Yes, the Olcott DDD is a category error, not because it calls the decider HHH, but because it assumes it can call it as an external, a concept that doesn't exist in the theory. When the input is made into a full program, it still foils the input, when it is the machine that it was built on, but

 6. Downplaying the Role of SHDs
-------------------------------
Damon concedes:

"Yes, partial deciders have some uses..."

 But Flibble’s point is stronger:
- SHDs are useful not as general solvers, but as **structural recognizers
of malformed input**.
- Their “failure” (e.g., crashing on pathological input) is
**informative**, not defective.
 Damon reduces SHDs to weak approximators, missing Flibble’s proposed
semantic role.

No, I do not. I point out that they have *SOME* uses.
They do not fulfill the original desire for a Halt Decider, which was to make all logic computable with mathematics, allowing any problem to be answered. Partial decider just don't meet this requirement.

 7. Failing to Address Reframing
-------------------------------
Damon says:

"The halting problem isn't malformed..."

 In Turing’s model, it isn’t. But Flibble isn’t working in Turing’s model—
he is reframing the domain entirely to exclude semantically ill-formed
constructs. Damon critiques within one framework while Flibble builds
another.

You say you are not working in Turing's model, but you haven't actually created any other model, so either you are talking about something totally undefined, or you are just lying.

 Conclusion:
-----------
Richard Damon's responses fail not because of flawed logic, but due to a
**category error of interpretation**: he assumes Flibble is arguing within
the classical Turing framework when Flibble is explicitly rejecting it in
favor of a type- and semantics-based system.

No, Flibble's logic is the one that failed on numerous category errors.

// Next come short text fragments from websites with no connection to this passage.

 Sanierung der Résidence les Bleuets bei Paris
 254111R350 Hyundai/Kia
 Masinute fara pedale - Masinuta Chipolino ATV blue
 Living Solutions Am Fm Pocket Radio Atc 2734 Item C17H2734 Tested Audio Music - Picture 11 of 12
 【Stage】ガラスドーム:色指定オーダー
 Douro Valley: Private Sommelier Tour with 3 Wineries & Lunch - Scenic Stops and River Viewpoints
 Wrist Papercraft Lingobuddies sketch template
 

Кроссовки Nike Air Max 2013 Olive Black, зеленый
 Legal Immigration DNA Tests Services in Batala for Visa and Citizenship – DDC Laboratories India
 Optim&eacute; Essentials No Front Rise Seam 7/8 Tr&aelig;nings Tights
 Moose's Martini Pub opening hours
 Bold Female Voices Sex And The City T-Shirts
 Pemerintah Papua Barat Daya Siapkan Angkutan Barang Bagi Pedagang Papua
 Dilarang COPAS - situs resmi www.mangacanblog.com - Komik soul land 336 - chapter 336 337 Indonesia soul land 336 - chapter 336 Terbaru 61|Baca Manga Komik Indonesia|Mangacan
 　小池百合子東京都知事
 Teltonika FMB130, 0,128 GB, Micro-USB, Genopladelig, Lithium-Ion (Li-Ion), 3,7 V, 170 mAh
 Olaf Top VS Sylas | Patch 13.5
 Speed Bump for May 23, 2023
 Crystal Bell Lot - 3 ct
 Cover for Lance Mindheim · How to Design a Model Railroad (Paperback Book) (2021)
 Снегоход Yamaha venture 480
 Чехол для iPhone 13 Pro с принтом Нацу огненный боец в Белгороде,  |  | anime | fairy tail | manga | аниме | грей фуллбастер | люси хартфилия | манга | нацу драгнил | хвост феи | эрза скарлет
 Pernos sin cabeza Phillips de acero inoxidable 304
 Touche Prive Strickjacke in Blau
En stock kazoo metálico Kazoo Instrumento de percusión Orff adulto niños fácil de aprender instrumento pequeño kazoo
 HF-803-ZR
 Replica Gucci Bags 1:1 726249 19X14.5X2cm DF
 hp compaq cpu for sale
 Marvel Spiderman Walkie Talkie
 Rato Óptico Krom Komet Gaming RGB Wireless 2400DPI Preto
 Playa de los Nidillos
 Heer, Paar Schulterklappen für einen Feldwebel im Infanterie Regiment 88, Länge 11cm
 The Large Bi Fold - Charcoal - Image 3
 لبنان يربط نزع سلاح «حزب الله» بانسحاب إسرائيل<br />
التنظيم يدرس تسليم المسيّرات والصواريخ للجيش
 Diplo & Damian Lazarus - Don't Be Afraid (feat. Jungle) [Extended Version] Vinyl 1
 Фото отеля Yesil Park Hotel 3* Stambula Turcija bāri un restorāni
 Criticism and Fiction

 Damon's responses miss the mark because they measure Flibble’s ideas by
the wrong metric. The disagreement isn’t about whether the Halting Problem
is undecidable—it’s about *how the problem should be framed* in the first
place.

SInce Flibble hasn't created an alternate metric there is nothing else to measure it by.
*IF* Flibble would phrase his ideas as a preliminary exploration to an alternate system, an thus not be making claims about the classic system, he might get a better reception.
For instance, Flibble claims to only need to define the extra case for "pathological input", but has failed to deal with the questions about defining what this means. Since the only defined theory of compuation in view, defines Programs as (at least logically) copy the code of one machine into the other as the method of composition, the "pathology" of the Olcott system doesn't actually occur. (This has been pointed out to Peter Olcott, and he has just ignored this).
SIhce that copying can have semanticless modifcations performed (like adding no-ops) "comparing" the programs isn't actually a viable measure of pathology.
It is in fact, a know prpoerty that it is uncomputable to in general determine if two algorithms compute the same results for all inputs, but we CAN generate a "clone" of a machine that would need that uncomputable comparison to determine that it is one.